- Born: 11 March 1866
- Died: 4 December 1952 (aged 86)
- Allegiance: United Kingdom
- Branch: British Indian Army
- Rank: Brigadier-General
- Conflicts: Isazai Expedition; North-West Frontier First Waziristan Campaign; Tirah campaign; ; First World War;
- Awards: Companion of the Order of the Indian Empire Commander of the Royal Victorian Order Companion of the Distinguished Service Order

= Ernest Money =

Brigadier-General Ernest Douglas Money (11 March 1866-4 December 1952) was a British Indian Army officer.

The son of Major-General Robert Money, he was born in Harbledown, Kent, and educated at Sherborne School.

He was commissioned as a lieutenant into the 4th (Militia) Battalion, King's (Shropshire Light Infantry) (later the King's Shropshire Light Infantry), in January 1886, but transferred as a second lieutenant to the Lincolnshire Regiment (later the Royal Lincolnshire Regiment) in May 1888. He soon went out to India and served as aide-de-camp to the Governor of the United Provinces from 1889 to 1890. He was promoted again to lieutenant and transferred to the British Indian Army in 1892, being posted to the 1st Prince of Wales's Own Gurkha Rifles.
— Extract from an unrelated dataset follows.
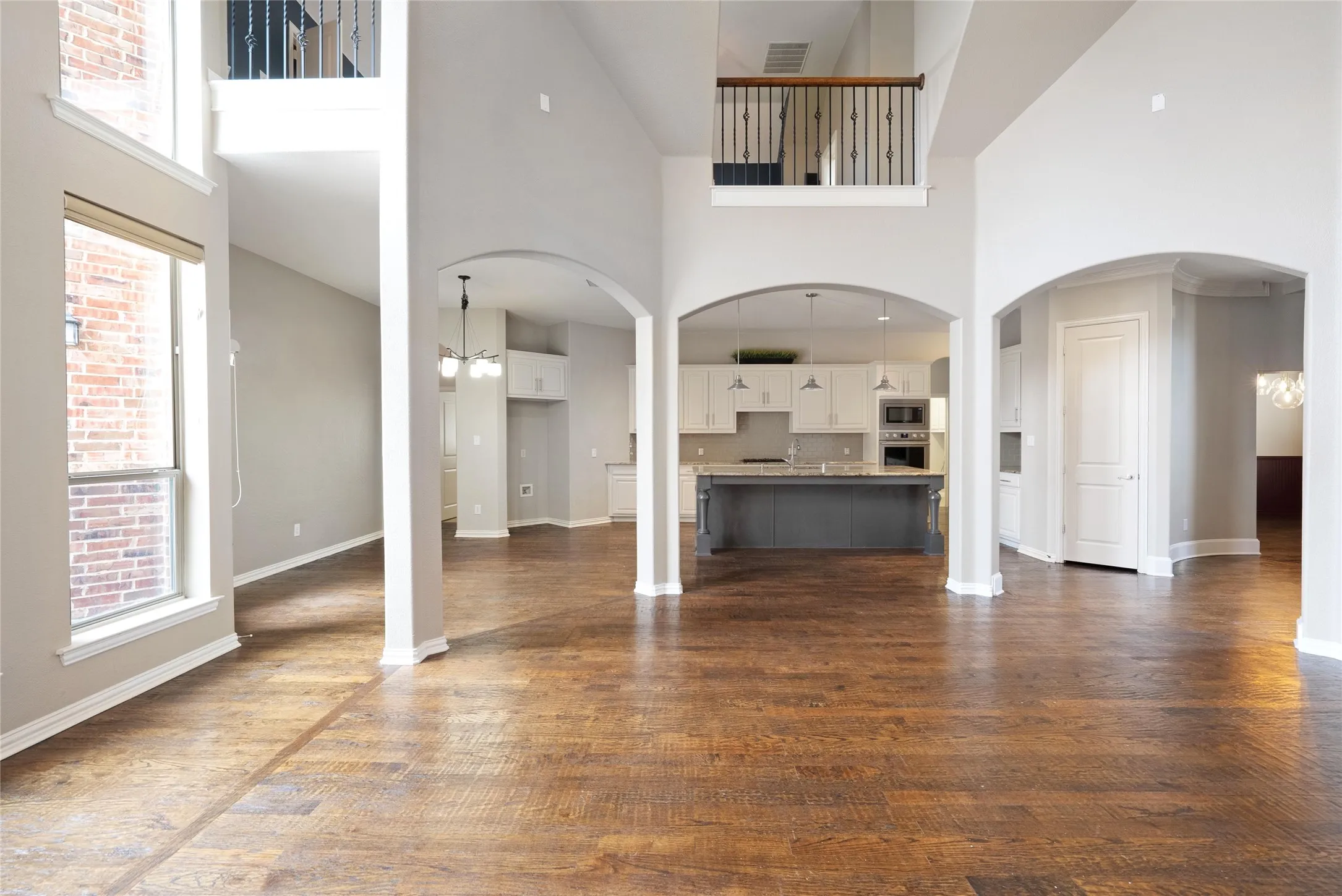 Single Family Residence For Sale in Denton County , 1728 Sandstone Drive, Frisco, Texas 75034, 6 Bedroom, 5 Bathroom, 3 Garage spaces, 4,637 Sqft, built in 2004, mls#21299015, Real Estate Agent in Frisco, Homes For Sale in Denton county, Homes For Sale in Frisco, Realtor in Frisco Texas, Real Estate Brokerage Independent Realty Texas, Luminita Cordes Realtor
He took part in the Isazai Expedition of 1892, the Waziristan Expedition of 1894-1895, and the Tirah campaign of 1897-1898 and was promoted captain in May 1899 and major in May 1906.
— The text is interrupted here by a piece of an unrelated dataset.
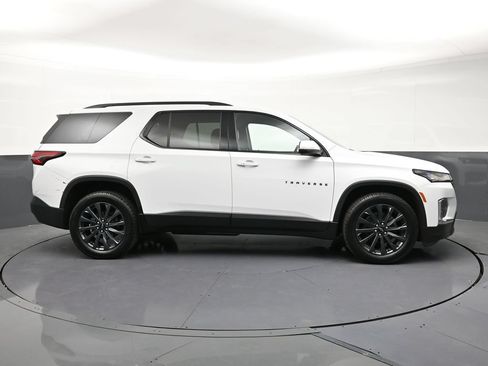 Certified 2023 Chevrolet Traverse RS w/ LPO, Floor Liner Package AWD/4WD image 6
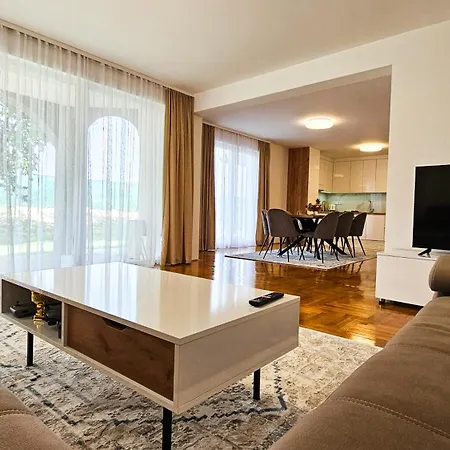 Ljiljan Villa Villa Plandiste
In 1911 he was second-in-command of the 2nd Battalion, 1st Gurkha Rifles and served as assistant military secretary to King George V while he was attending the Delhi Durbar. For this he was appointed Companion of the Order of the Indian Empire (CIE). In May 1914 he was promoted to lieutenant colonel.

Money remained in India with the 2nd Battalion, 1st Gurkhas, during the First World War, taking over command in 1915. He led the battalion in the operations against the Swatis and Boners in 1915, the Mohmand Expedition in 1916-1917, and in Waziristan in 1917. During the latter campaign he temporarily commanded the 45th (Jullundur) Brigade and was awarded the Distinguished Service Order (DSO). In 1918 he was appointed inspector of Indian Depots of the 4th (Quetta) Division as a brigadier general.

In 1919, with the war now over, he commanded the Indian contingent at the Peace Parade in London, for which he was appointed Commander of the Royal Victorian Order (CVO) in the 1920 New Year Honours. He briefly took command of the 64th Indian Infantry Brigade in 1919 and the 66th Indian Infantry Brigade in 1919-1920 before retiring from the Indian Army in October 1920, being granted the honorary rank of brigadier general.

In 1933 charges against him for "intent to insult two girls" were dismissed. He had allegedly offered them sixpence to perform a sex act on him in Watford Park.